Mapping a Road to Success as a Security Engineer

Senior Security Engineer at Taro Community profile pic
Senior Security Engineer at Taro Community

I have read several articles on becoming a Staff Security Engineer or Principal Security Engineer, and I understand that career growth is not just about personal aspirations but also about aligning with the organization's needs. In my current situation, my goal is to increase my visibility within the organization. I believe I've spent enough time working internally, but a significant part of my visibility in the security community is still pending. My ultimate goal is to enhance visibility, establish a brand as a security engineer, exert influence, engage in cross-collaboration projects, and grow my presence in the community. To boost visibility, I realize I need to engage with the community by writing blogs, creating tools, giving talks, and attending conferences.

I've observed exceptional performance by certain engineers and have often wondered how they can think outside the box, achieve skip-level promotions, and grow exponentially within the company. Do they have mentors? How can one find a mentor, and how do you determine if you need a mentor?

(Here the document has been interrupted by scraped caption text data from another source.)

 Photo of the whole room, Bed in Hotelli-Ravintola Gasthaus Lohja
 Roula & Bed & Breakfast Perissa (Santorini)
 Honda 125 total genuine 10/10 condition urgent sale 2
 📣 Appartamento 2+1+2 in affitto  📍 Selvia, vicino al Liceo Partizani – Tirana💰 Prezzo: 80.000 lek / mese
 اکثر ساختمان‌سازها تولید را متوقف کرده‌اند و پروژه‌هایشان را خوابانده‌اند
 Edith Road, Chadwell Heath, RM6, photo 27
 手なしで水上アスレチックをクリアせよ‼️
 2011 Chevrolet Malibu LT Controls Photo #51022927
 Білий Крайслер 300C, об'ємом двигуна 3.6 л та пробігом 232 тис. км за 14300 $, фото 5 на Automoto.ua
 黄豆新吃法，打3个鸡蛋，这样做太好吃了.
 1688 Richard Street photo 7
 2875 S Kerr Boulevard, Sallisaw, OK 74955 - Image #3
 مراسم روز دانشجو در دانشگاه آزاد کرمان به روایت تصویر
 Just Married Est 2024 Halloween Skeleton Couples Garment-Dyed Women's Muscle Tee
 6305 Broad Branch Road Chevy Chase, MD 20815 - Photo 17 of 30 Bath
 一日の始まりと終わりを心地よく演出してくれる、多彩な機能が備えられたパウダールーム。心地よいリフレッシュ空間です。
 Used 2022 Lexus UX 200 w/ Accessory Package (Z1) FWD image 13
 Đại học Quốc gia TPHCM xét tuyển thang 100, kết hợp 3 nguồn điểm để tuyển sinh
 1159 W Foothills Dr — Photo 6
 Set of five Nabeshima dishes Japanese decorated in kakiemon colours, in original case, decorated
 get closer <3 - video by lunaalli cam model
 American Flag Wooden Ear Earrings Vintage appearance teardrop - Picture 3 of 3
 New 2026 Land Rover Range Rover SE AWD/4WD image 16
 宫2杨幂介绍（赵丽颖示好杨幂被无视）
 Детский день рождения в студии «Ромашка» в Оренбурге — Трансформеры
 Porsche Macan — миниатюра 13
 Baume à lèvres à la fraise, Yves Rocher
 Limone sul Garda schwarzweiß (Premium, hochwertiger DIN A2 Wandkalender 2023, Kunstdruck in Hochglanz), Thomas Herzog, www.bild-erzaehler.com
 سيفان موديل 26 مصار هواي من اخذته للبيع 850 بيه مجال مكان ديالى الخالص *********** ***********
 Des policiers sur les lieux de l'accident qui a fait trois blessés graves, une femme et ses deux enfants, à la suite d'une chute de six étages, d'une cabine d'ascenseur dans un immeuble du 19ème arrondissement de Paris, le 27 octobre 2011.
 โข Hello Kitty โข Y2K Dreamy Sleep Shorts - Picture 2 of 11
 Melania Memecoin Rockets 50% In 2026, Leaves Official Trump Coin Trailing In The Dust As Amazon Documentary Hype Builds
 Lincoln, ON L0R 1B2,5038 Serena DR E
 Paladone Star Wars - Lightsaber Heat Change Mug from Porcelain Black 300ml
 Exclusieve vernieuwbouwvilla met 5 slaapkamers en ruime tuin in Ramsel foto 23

How can I start this journey and find the motivation to do so? Additionally, how can I maintain consistent motivation, as motivation may fluctuate? For instance, after two weeks of hard work, there might be a dull and weak period, and then you need a kickstart to regain the curiosity you had the week before.

I do find curiosity in my current role and the nature of work as an Application Security Engineer, but sometimes I also think, should I explore a bit of change towards offensive security or red teaming?

Furthermore, my personal passion and motivation always lead me towards delving into technical aspects. How can I align more with the business needs of the organization and develop my business acumen skills? How can I develop multiple skills to operationalize application security engineering in a team?

In my current location, there are limited job openings for security engineering positions, making it challenging to switch roles. What are other possible options for me in this situation?

In summary:

  • Is there a roadmap to grow as a security engineer within the organization, gain influence, create a personal brand, and secure promotions?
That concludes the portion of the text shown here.